Another significant milestone in the evolution of Apple Inc. (Nasdaq: AAPL) is being marked this week. Microsoft Corp. (Nasdaq: MSFT), the long-term nemesis of the consumer electronics company, announced its first-quarter results, and the numbers showed the software vendor's revenue had fallen behind Apple's for the first time in about 20 years.
It's a triumph of sort, not just for Apple but also for the electronics hardware market. Until Apple's sales eclipsed Microsoft's, I had begun to think that being in the electronics hardware business might be the kiss of death. It still could be, but Apple, by marrying software with great hardware design and one of the best marketing outreach programs in the electronics industry, is demonstrating what OEMs must do to fight the wave of commoditization that has devastated sales and eroded profit margins over the last decade.
Microsoft is growing, just not as fast as Apple, and this must be bittersweet for the folks in Redmond, Wash. Despite having a strong March quarter, Microsoft is trailing Apple on two major financial metrics:
The software giant's revenues in the March quarter -- its fiscal 2011 third quarter -- rose to $16.4 billion from $14.5 billion, up 13 percent, while Apple in the same quarter reported revenues of $24.7 billion, up 83 percent from the comparable 2010 quarter. During the same quarter, profits at Microsoft were $5.2 billion but $6 billion at Apple. Analysts, meanwhile, forecast Apple's June-quarter revenues will be approximately $24.5 billion compared with $16.2 billion for Microsoft.

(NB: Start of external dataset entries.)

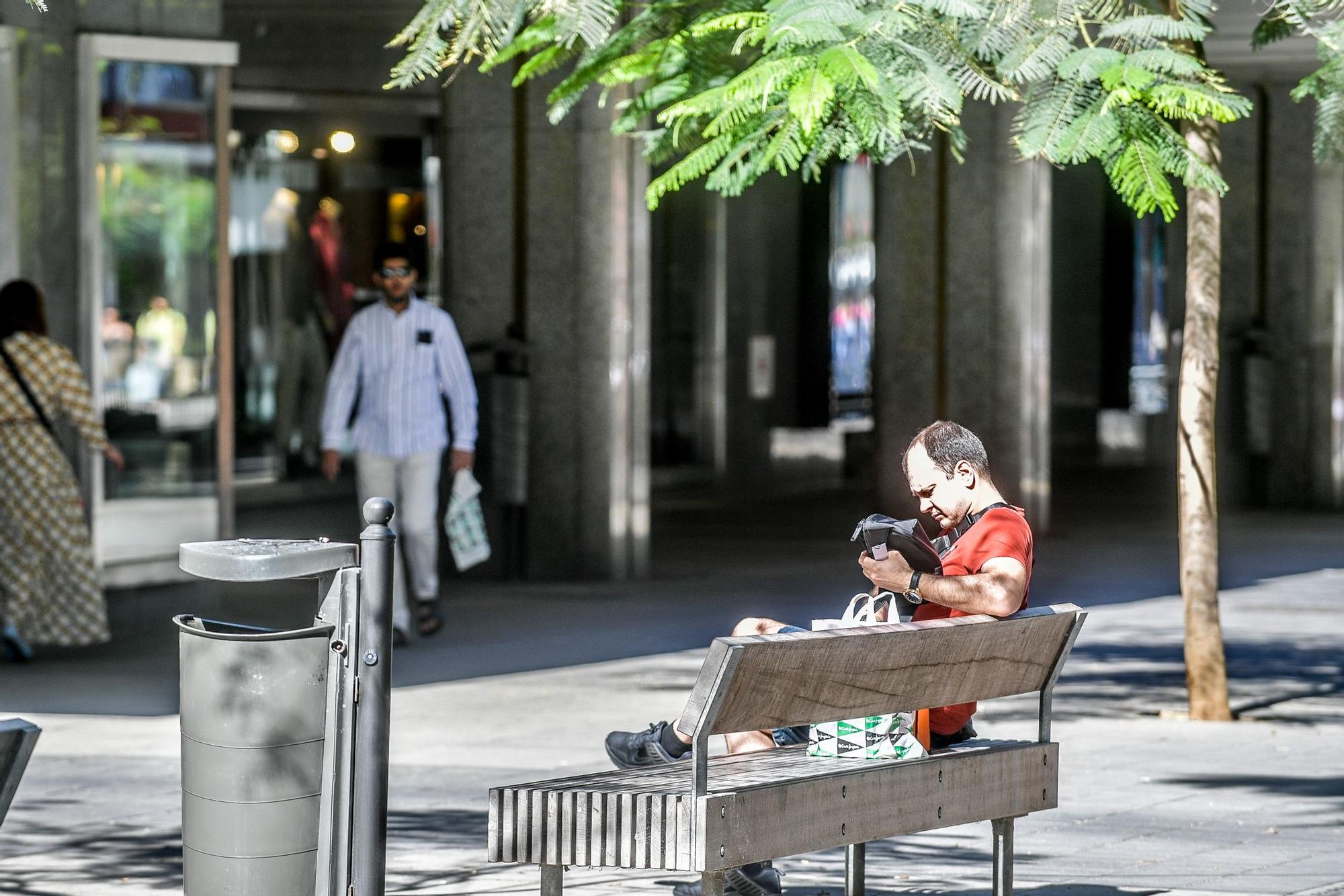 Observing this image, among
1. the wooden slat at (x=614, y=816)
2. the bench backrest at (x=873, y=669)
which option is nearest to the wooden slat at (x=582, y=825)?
the wooden slat at (x=614, y=816)

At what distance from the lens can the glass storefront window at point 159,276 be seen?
11469 millimetres

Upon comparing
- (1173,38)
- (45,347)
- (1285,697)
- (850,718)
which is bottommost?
(1285,697)

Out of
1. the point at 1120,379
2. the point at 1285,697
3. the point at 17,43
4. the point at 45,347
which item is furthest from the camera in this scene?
the point at 1120,379

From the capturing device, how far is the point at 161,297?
1188cm

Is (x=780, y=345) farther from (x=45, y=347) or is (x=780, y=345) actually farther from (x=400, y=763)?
(x=400, y=763)

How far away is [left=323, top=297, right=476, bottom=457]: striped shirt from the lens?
36.0 ft

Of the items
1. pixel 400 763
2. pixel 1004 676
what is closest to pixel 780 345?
pixel 400 763

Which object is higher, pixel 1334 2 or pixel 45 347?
pixel 1334 2

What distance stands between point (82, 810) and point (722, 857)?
9.85 ft

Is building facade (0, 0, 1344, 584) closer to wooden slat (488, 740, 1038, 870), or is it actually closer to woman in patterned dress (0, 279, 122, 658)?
woman in patterned dress (0, 279, 122, 658)

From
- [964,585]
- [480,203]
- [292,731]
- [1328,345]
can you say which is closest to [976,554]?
[964,585]

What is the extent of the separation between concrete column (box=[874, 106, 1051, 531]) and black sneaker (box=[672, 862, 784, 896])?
426 inches

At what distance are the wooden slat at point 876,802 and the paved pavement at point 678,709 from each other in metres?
0.58

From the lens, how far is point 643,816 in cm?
469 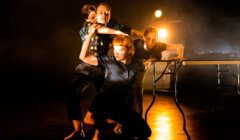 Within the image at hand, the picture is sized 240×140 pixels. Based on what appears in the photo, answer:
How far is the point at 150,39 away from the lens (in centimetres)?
421

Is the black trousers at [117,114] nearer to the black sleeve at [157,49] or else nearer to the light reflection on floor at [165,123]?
the light reflection on floor at [165,123]

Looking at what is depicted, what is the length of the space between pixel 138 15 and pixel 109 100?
30.2 ft

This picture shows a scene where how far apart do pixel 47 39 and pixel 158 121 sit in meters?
6.67

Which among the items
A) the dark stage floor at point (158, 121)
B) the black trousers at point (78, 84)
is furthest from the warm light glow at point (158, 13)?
the black trousers at point (78, 84)

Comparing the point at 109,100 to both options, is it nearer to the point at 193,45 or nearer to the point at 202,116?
the point at 202,116

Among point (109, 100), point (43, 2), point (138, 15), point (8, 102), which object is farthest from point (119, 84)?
point (138, 15)

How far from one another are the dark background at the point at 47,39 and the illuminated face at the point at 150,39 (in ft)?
18.4

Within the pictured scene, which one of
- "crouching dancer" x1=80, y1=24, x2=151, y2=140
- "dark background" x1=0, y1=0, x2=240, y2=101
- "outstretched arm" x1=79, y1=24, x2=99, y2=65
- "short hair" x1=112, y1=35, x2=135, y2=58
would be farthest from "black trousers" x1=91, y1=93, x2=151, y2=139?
"dark background" x1=0, y1=0, x2=240, y2=101

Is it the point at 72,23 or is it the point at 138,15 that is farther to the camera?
the point at 138,15

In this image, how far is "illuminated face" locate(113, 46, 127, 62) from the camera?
11.7 feet

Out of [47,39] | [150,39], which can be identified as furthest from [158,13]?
[150,39]

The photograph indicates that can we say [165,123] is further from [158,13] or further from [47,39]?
[158,13]

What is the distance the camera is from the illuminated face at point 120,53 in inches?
141

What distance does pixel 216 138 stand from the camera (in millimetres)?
4348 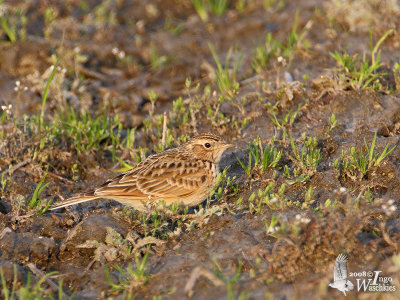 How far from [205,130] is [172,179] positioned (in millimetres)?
1685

Little wonder, therefore, that Apple's market value ($319.5 billion) is almost $100 billion more than Microsoft's ($224.4 billion) at the end of trading on Thursday, April 28.
It's easy to draw the wrong conclusions from these numbers. Yes, Apple is focused on hardware, including wireless products such as the iPhone and the iPad, while Microsoft is mainly a software vendor, generating a huge portion of its sales from the weakening personal computer market. Apple, which also sells PCs, is growing faster in the segment than the market average by leveraging its brand name to maintain a fanatical support base in the Macintosh community; buyers of Apple's Macs typically pay a premium over comparable Windows PCs.

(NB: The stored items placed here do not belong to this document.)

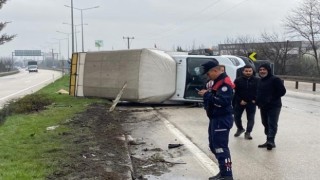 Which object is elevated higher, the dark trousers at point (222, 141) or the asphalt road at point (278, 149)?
the dark trousers at point (222, 141)

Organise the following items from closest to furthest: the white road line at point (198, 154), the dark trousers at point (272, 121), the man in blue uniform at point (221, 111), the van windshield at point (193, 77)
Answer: the man in blue uniform at point (221, 111) < the white road line at point (198, 154) < the dark trousers at point (272, 121) < the van windshield at point (193, 77)

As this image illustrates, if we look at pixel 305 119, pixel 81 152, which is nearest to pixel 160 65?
pixel 305 119

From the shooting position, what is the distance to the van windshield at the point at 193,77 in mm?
16938

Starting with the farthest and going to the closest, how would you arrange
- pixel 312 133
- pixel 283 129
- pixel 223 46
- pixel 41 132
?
pixel 223 46, pixel 283 129, pixel 312 133, pixel 41 132

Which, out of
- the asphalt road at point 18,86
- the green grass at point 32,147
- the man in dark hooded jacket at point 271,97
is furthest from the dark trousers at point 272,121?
the asphalt road at point 18,86

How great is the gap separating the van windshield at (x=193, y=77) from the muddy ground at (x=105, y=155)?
5322mm

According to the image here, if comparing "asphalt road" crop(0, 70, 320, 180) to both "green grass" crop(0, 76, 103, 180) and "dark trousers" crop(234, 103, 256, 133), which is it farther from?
"green grass" crop(0, 76, 103, 180)

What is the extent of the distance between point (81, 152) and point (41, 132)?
259 centimetres

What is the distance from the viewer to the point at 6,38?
28109 mm

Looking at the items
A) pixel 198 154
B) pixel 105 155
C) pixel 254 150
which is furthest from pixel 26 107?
pixel 254 150

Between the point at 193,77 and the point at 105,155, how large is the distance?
31.8 ft

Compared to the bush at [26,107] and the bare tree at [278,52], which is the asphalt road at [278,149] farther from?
the bare tree at [278,52]

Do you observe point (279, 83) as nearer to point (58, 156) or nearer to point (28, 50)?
point (58, 156)

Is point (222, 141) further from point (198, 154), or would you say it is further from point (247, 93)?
point (247, 93) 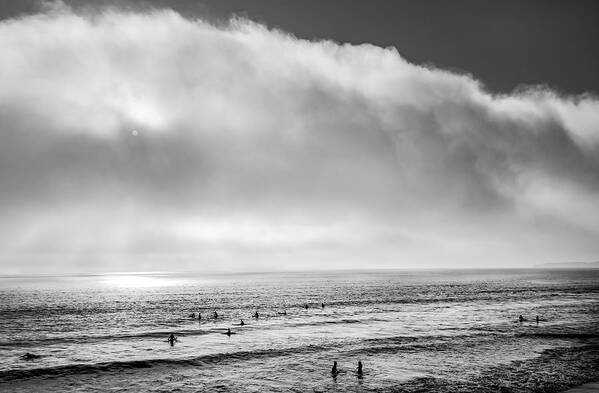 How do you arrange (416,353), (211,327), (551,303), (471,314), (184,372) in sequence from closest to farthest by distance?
1. (184,372)
2. (416,353)
3. (211,327)
4. (471,314)
5. (551,303)

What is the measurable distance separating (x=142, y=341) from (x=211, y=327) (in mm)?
14922

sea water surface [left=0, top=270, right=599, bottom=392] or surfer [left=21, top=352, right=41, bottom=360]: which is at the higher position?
surfer [left=21, top=352, right=41, bottom=360]

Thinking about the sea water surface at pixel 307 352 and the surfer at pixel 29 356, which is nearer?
the sea water surface at pixel 307 352

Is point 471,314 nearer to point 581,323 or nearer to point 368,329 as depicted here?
point 581,323

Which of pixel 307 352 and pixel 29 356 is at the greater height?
pixel 29 356

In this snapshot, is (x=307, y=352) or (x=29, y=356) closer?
(x=29, y=356)

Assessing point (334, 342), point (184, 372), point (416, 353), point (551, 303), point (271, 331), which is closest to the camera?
point (184, 372)

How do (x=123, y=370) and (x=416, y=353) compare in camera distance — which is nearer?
(x=123, y=370)

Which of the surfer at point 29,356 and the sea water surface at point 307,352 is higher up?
the surfer at point 29,356

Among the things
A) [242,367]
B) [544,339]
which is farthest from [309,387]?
[544,339]

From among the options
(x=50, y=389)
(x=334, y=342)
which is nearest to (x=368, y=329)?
(x=334, y=342)

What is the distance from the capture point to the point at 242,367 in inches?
1738

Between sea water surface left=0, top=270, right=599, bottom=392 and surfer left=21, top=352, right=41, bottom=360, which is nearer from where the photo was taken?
sea water surface left=0, top=270, right=599, bottom=392

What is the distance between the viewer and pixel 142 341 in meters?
59.0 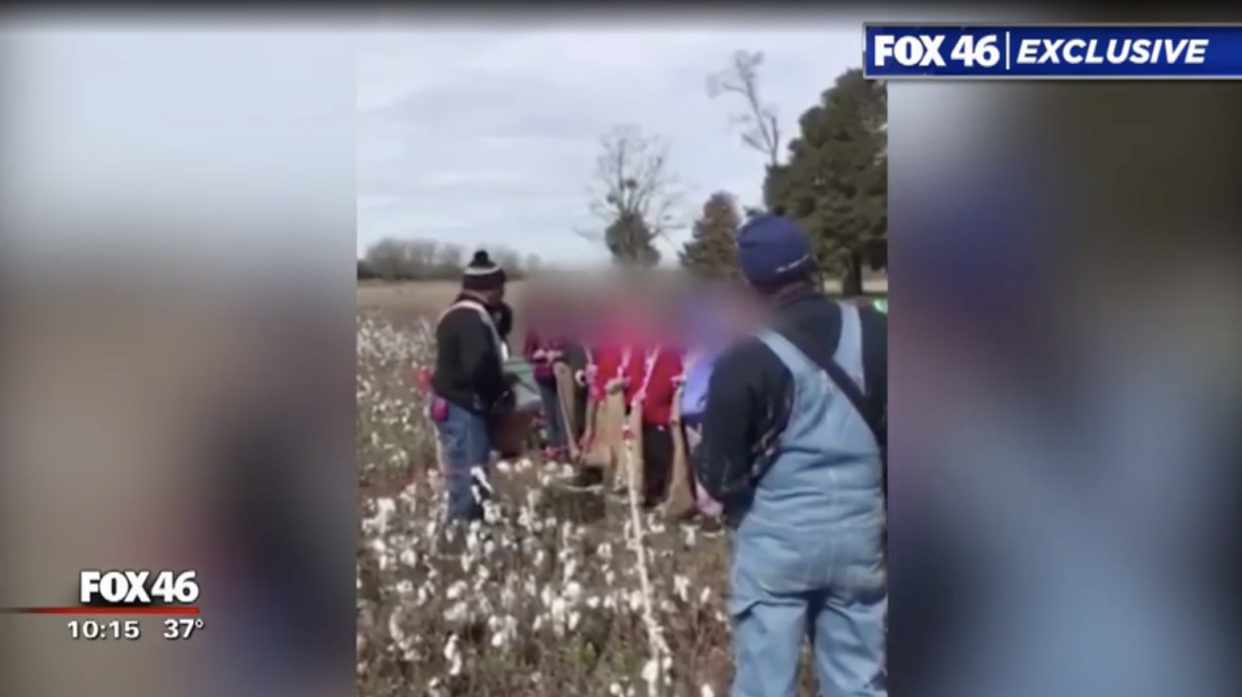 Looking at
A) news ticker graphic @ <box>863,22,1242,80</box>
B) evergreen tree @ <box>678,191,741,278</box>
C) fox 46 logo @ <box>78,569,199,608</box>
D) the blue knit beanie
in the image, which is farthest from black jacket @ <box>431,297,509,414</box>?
news ticker graphic @ <box>863,22,1242,80</box>

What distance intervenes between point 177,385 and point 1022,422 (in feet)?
5.86

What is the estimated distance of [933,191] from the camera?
9.45 ft

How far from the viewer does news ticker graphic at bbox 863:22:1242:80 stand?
2.84 meters

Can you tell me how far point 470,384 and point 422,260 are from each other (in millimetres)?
282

But it would be naïve to simply describe Apple as a hardware vendor. The company is better seen as a community developer and enabler, offering equipment and services that enhance consumer and corporate usage of electronics products. Just as Apple refused to open-source the software interface with its Mac computers, it did the same with its wireless handsets and tablet PCs to become the biggest and most valuable technology company in the world. In other words, electronics OEMs can maintain market share and generate both huge sales and profits if they play in the "right" equipment market and couple this with a great software interface that allows them to develop a unique ecosystem for the products.
I think many companies are either missing this bigger picture or failing to make the transition as smoothly and effectively as Apple has. Cisco Systems Inc. (Nasdaq: CSCO) is one of those companies that have not yet connected the dots among great hardware, the community of users, and a fantastic ecosystem. The company is reorganizing operations and has ordered the closure of its Flip camera division. The Flip is a great product -- I own one -- but beyond point-and-shoot, my relationship with the product is as fascinating as the one I have with my garden shovel.
I don't know that all OEM products can lend themselves to the Apple magic, but not finding a way to build a vibrant ecosystem around your product will accelerate the price erosion we fancily call "commoditization" today.
And as for Apple, perhaps the gloaters should hold off. Apple may have passed Microsoft in revenue, profits, and market value, but its competitiveness comes with some caveats. In the March quarter, for instance, the sales gap between Microsoft and Apple was more than $8 billion, but the profit gap was less than $1 billion. The implication is that Apple is sweating more to generate comparable profits. I like Apple, but Microsoft isn't looking so bad, either.